Sultan pertama Kesultanan Pagaruyung adalah Sultan Alif pada abad ke-17. Islam begitu kuat akibat pengaruh dari Kesultanan Aceh dan Malaka. Hanya saja, Kesultanan Pagaruyung harus mengakui kedaulatan Kesultanan Aceh yang telah merebut banyak kawasannya.
Pada abad ke-17, berangsur-angsur Kerajaan Pagaruyung kembali berjaya karena lokaisnya berada di pesisir barat Pulau Sumatra. Lokasinya yang secara geografis, memudahkan banyak pedagang dari berbagai negara jauh berkunjung.
Sumber daya alam yang membuat pesona nagari-nagari Minangkabau kaya adalah produksi emasnya. Hasil tambang ini menarik perhatian kongsi dagang kerajaan-negara di Eropa seperti Belanda melalui VOC dan Inggris dengan EIC.
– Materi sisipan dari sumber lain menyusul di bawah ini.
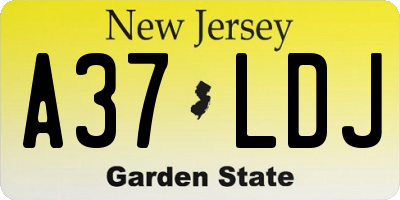 NJ license plate A37LDJ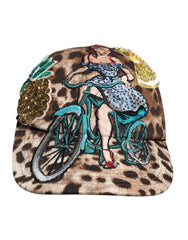 Dolce & Gabbana Braune Leopard Pailletten Sicily Baseballkappe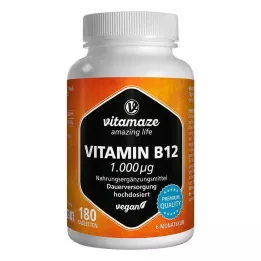 VITAMIN B12 1000 µg high-dose vegan tablets, 180 pcs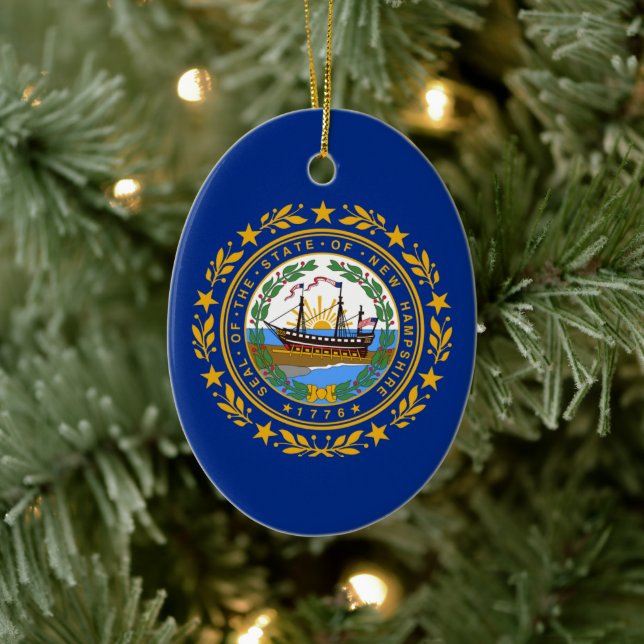New Hampshire state flag Ceramic Ornament (Tree)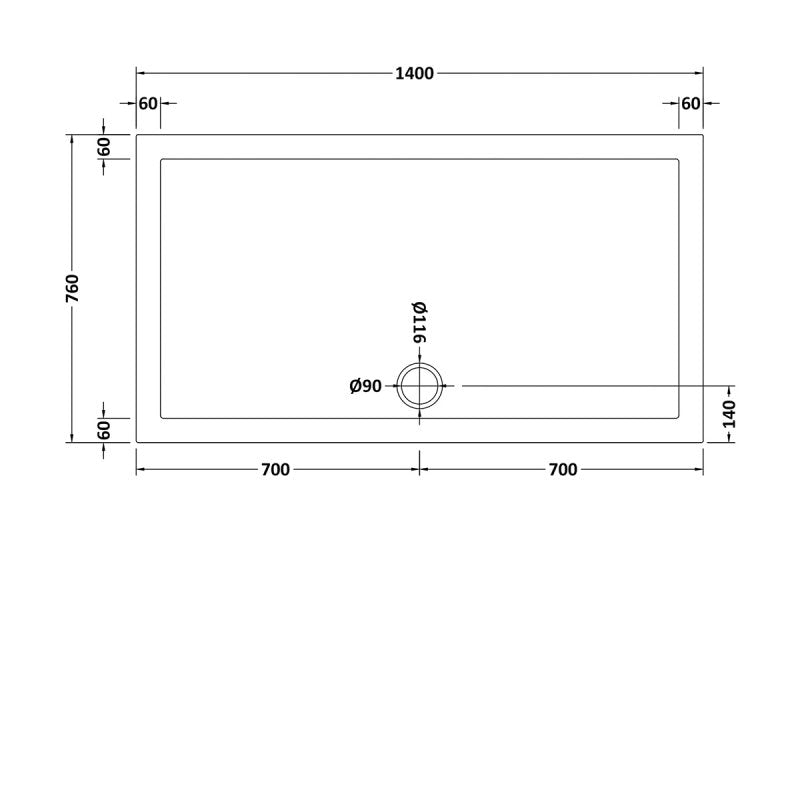 Slip Resistant Rectangular Shower Tray 1400 x 760mm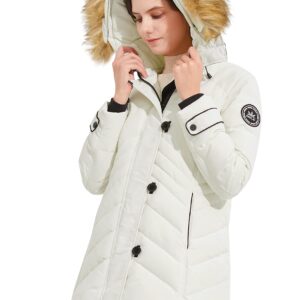 Orolay Women's Hooded Slim Puffer Jacket Quilted Mid Length Winter Down CoatWhite L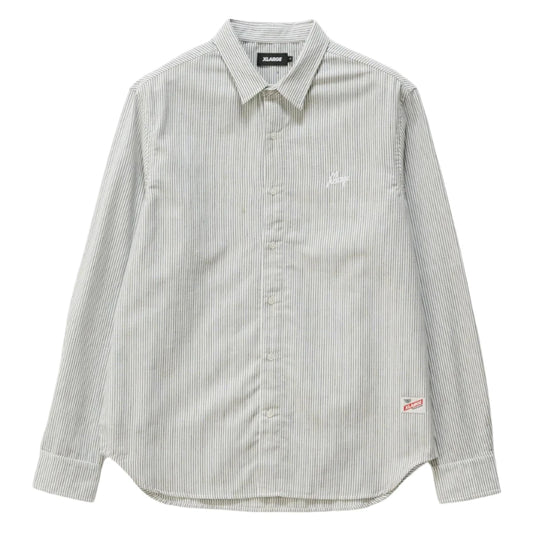 OXFORD SCRIPT LS SHIRT - OLIVE STRIPE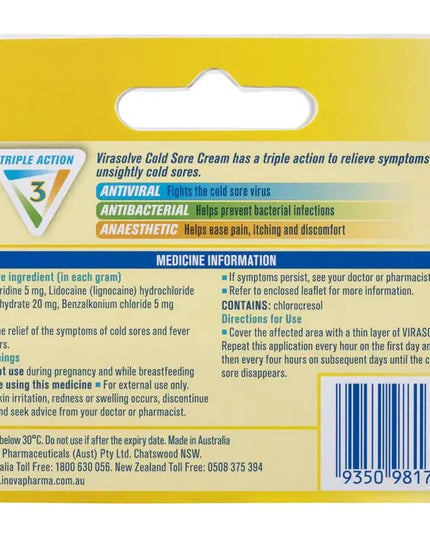 Virasolve Cold Sore Cream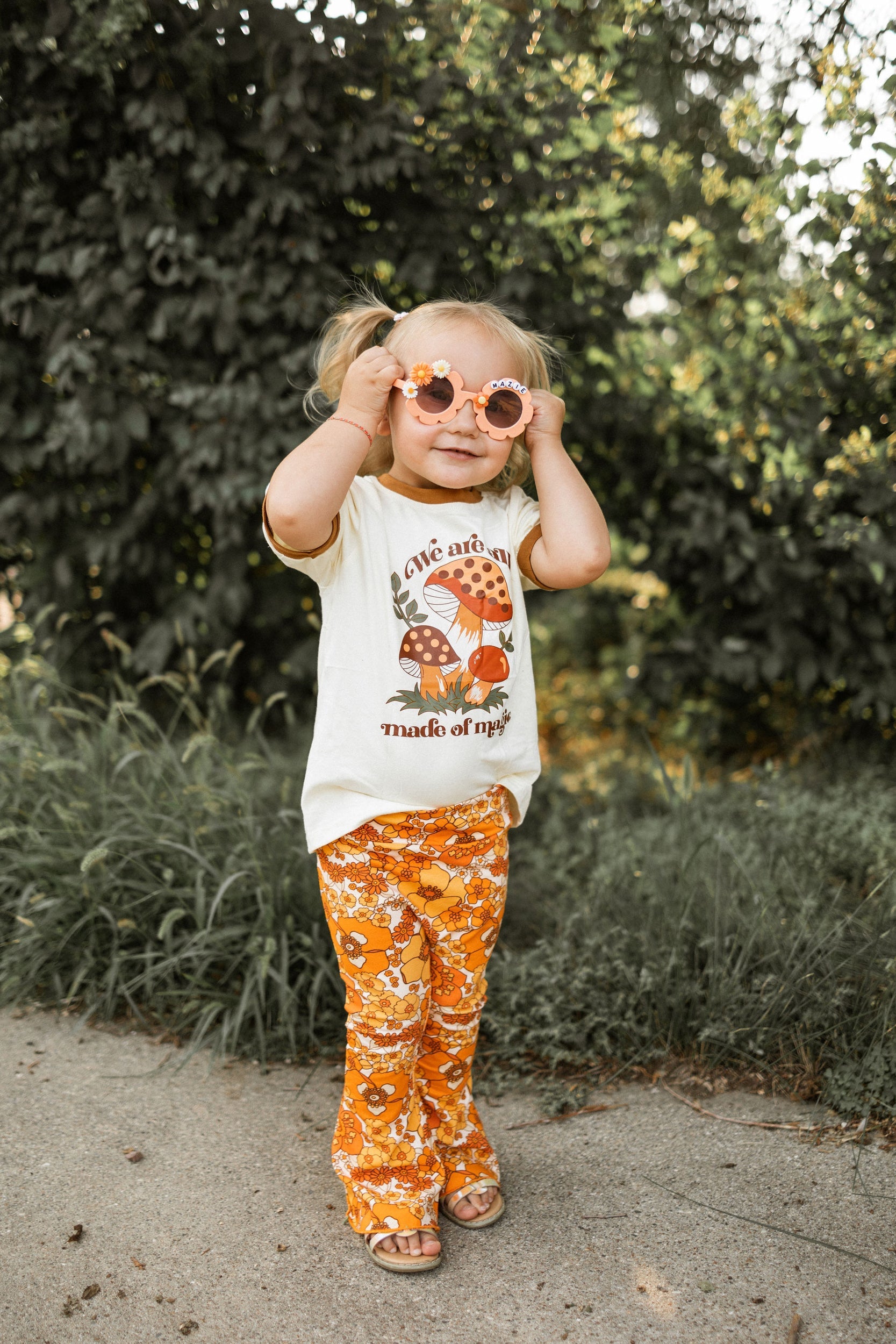Kids Retro Graphic Tee With Mushrooms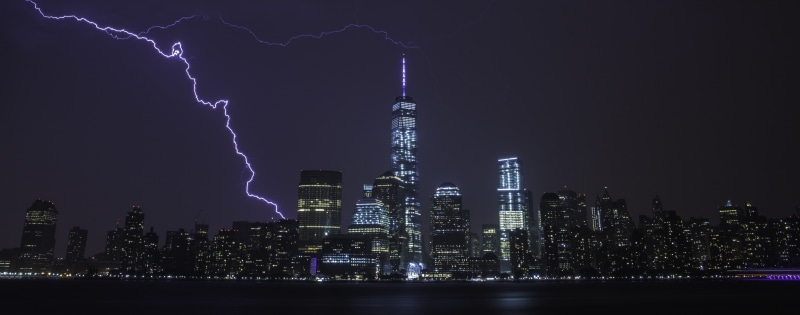 Skyscrapers, thunderstorm, Lights, nature, purple, no people, 5K, tall - high, financial district, landscape, Lightning, modern, illuminated, Weather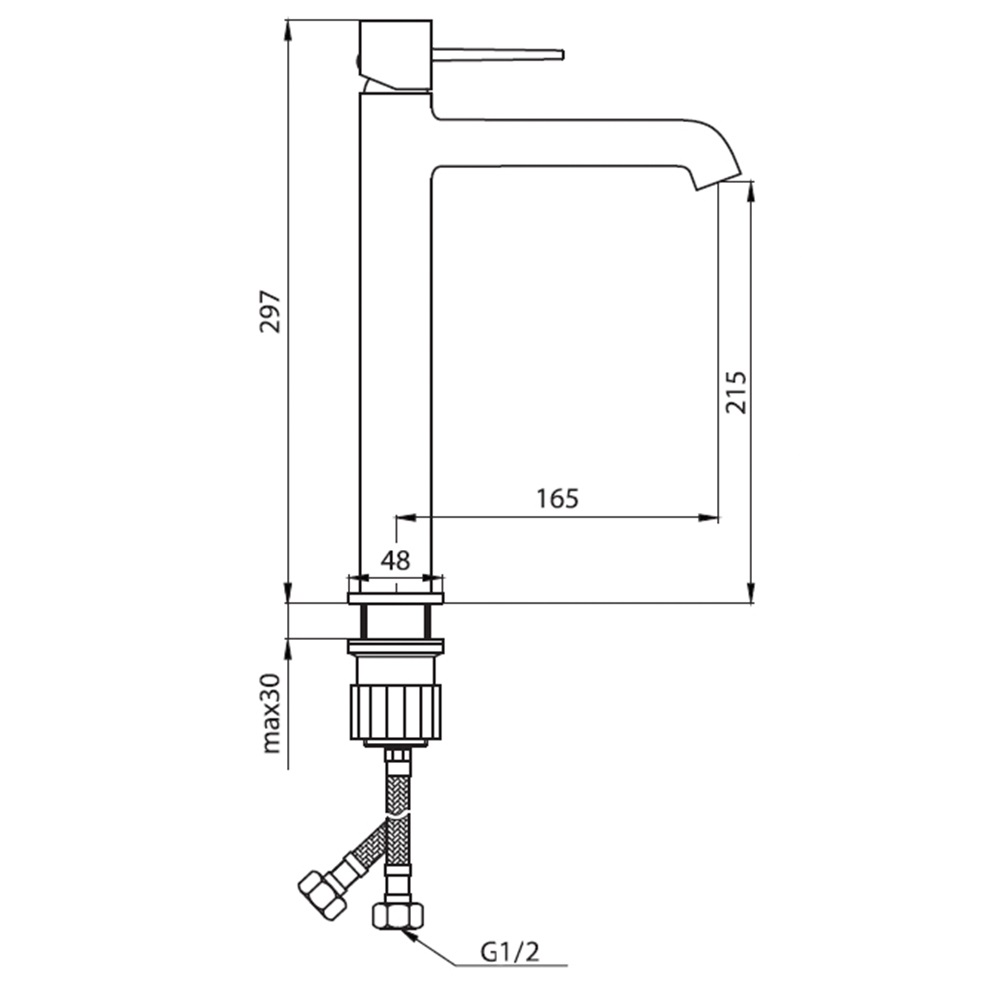 860220000_xxx Sirius, смеситель для умывальника высокий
Pada 1684, untuk pertama kalinya dalam sejarah masyarakat Minangkabau, Kesultanan Pagaruyung menjalin hubungan dengan VOC. Hubungan ini sempat terputus ketika Kerajaan Pagaruyung sempat menjalin hubungan dengan Kerajaan Inggris pada 1795–1819.
Surutnya kedaulatan Kesultanan Pagaruyung
Melemahnya Kesultanan Pagaruyung terjadi pada awal abad ke-19. Pada masa ini terjadi perang saudara yang disebut sebagai Perang Padri yang terjadi antara tahun 1803–1838.
Perpecahan terjadi akibat dorongan agamawan Islam (Kaum Padri) yang berniat menggantikan tradisi dan adat istiadat dengan syariat Islam. Tentunya ini merusak tatanan yang sudah melekat dengan masyarakat kebudayaan Minangkabau, bagi Kesultanan Pagaruyung (Kaum adat).
Namun kekuatan Kaum Padri begitu kuat, membuat Sultan Alam Bagagarsyah harus mengungsi ke Batavia (kini Jakarta). Melihat kondisi ini, Belanda yang telah memiliki koloni yang luas sebagai Hindia Belanda, membantu Kesultanan Pagaruyung menghadapi Kaum Padri.
Awalnya, pihak Belanda berniat untuk membebaskan Kesultanan Pagaruyung dari Kaum Padri dan berdalih untuk ‘menjadi rekan bisnis’. Nyatanya, Belanda berniat untuk menjadikan Kesultanan Pagaruyung sebagai kawasan jajahan.
Hal ini membuat Kaum Padri dan Kaum Adat bersatu. Diperkirakan pada periode inilah muncul istilah falsafah "Adat Basandi Syarak, Syarak Basandi Kitabullah (adat bersandarkan syariat, syariat berdasarkan Alquran)" yang melekatkan antara ajaran Islam dan adat Minangkabau.
Pada akhirnya, kekuatan masyarakat Minangkabau tidak mampu mengalahkan kekuatan Belanda. Sultan Alam Bagagarsyah ditangkap Belanda pada 1833 dengan tuduhan sebagai pengkhianat dan dibuang ke Batavia. Sejarah Kesultanan Pagaruyung yang awalnya berdaulat oleh masyarakat Minangkabau beralih di bawah penguasaan Belanda sejak saat itu.